= Old Polina =

19th-century Newfoundland folk song

Old Polina (Roud 285) is a traditional Newfoundland folk song. It is most likely based on the ship Polynia, built in 1861, of the Dundee Seal and Whale Fishing Company fleet. Polynia was commanded by Captain William Guy from 1883 to 1891, when she was sunk by ice in Davis Strait. This song is similar to another song called The Balaena, about another whaler.

==Background story==
Every year, the whaling fleet would sail from Dundee, Scotland to Newfoundland, there to pick up men to hunt the whales. Since the first ships to make it to Newfoundland would be able to pick the most experienced men, ships competed to reach Newfoundland first. The other ships named in the song, Arctic, Aurora, Terra Nova, and Husky, are all ships from the Dundee Seal and Whale Fishing Company fleet. Aurora was the ship that rescued the crew of Polynia in 1891 when she sank. Art Jackman, Mullins, and Fairweather were captains of the ships at that time. There are records of a Captain Fairweather in command of Balaena (mentioned in 1894 and 1896), an Alex Fairweather in command of Terra Nova (1885-1893), and a J. Fairweather for Aurora (1882-1886).

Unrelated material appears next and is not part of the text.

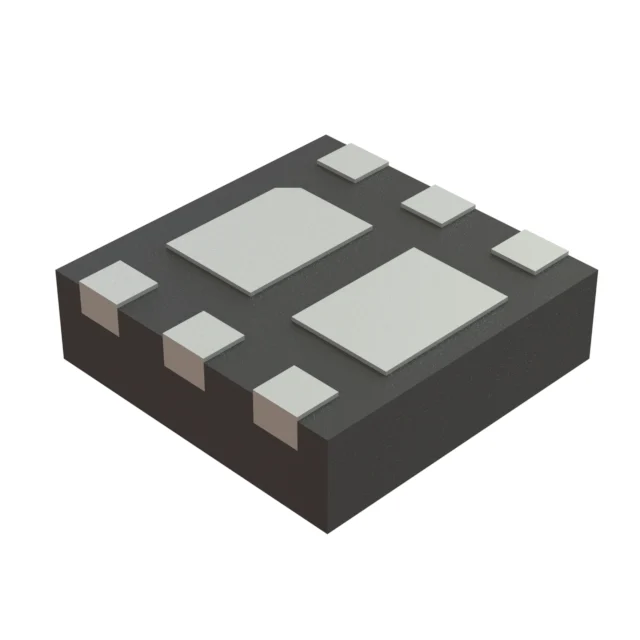 MOSFET N/P-CH 100V 2A HUML2020L8 MOSFET N/P-CH 100V 2A HUML2020L8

This song has been published in a number of song books, including the 1955 edition of Gerald S. Doyle's Old-Time Songs and Poetry of Newfoundland, as well as Paul Mercer's Newfoundland Songs and Ballads in Print 1842-1974 and Michael Taft's A Regional Discography of Newfoundland and Labrador 1904-1972.

==Recordings==
There are a number of recordings of this song available, including:

- Trade Winds, recorded by Omar Blondahl
- Another Time - The Songs of Newfoundland, recorded by Fergus O'Byrne (of Ryan's Fancy fame) (1991)
- Newfoundland, recorded by Mark Hiscock on an album with Chris Andrews (both of Shanneyganock fame)
- The Hard and the Easy, by Great Big Sea (2005)
- Winners and Boozers, recorded by Fiddler’s Green (2013)

==Lyrics==
There’s a noble fleet of whalers a-sailing from Dundee,
Manned by British sailors to take them o’er the sea.
On a western ocean passage we started on the trip.
We flew along just like a song in our gallant whaling ship.

‘Twas the second Sunday morning, just after leaving port,
We met a heavy Sou’west gale that washed away our boat.
It washed away our quarterdeck, our stanchions just as well,
And so we sent the whole shebang a-floating in the gale.

CHORUS :
For the wind was on her quarter and the engine’s working free.
There’s not another whaler that sails the Arctic Sea
Can beat the Old Polina, you need not try, my sons,
For we challenged all both great and small from Dundee to St. John’s.

Art Jackman set his canvas, Fairweather got up steam,
But Captain Guy, the daring boy, came plunging through the stream.
And Mullins in the Husky tried to beat the blooming lot,
But to beat the Old Polina was something he could not.

CHORUS

There’s the noble Terra Nova, a model without doubt.
The Arctic and Aurora they talk so much about.
Art Jackman’s model mailboat, the terror of the sea,
Tried to beat the Old Polina on a passage from Dundee.

CHORUS

And now we’re back in old St. John’s where rum is very cheap.
So we’ll drink a health to Captain Guy who brought us o’er the deep.
A health to all our sweethearts and to our wives so fair.
Not another ship could make the trip but the Polina I declare.

==The Other Ships==
The Aurora was built in 1876, and was a whaling ship until 1910, when it was bought by Douglas Mawson for a scientific expedition to Antarctica from 1911 to 1914. It disappeared, with all hands, in 1918.

The whaling ship Terra Nova was built in 1884, but was used for Antarctic exploration between 1894 and 1913. She returned to the Newfoundland seal fishery from 1913, until 1943, when she sank off the coast of Greenland. The crew was rescued by a US Coastguard ship.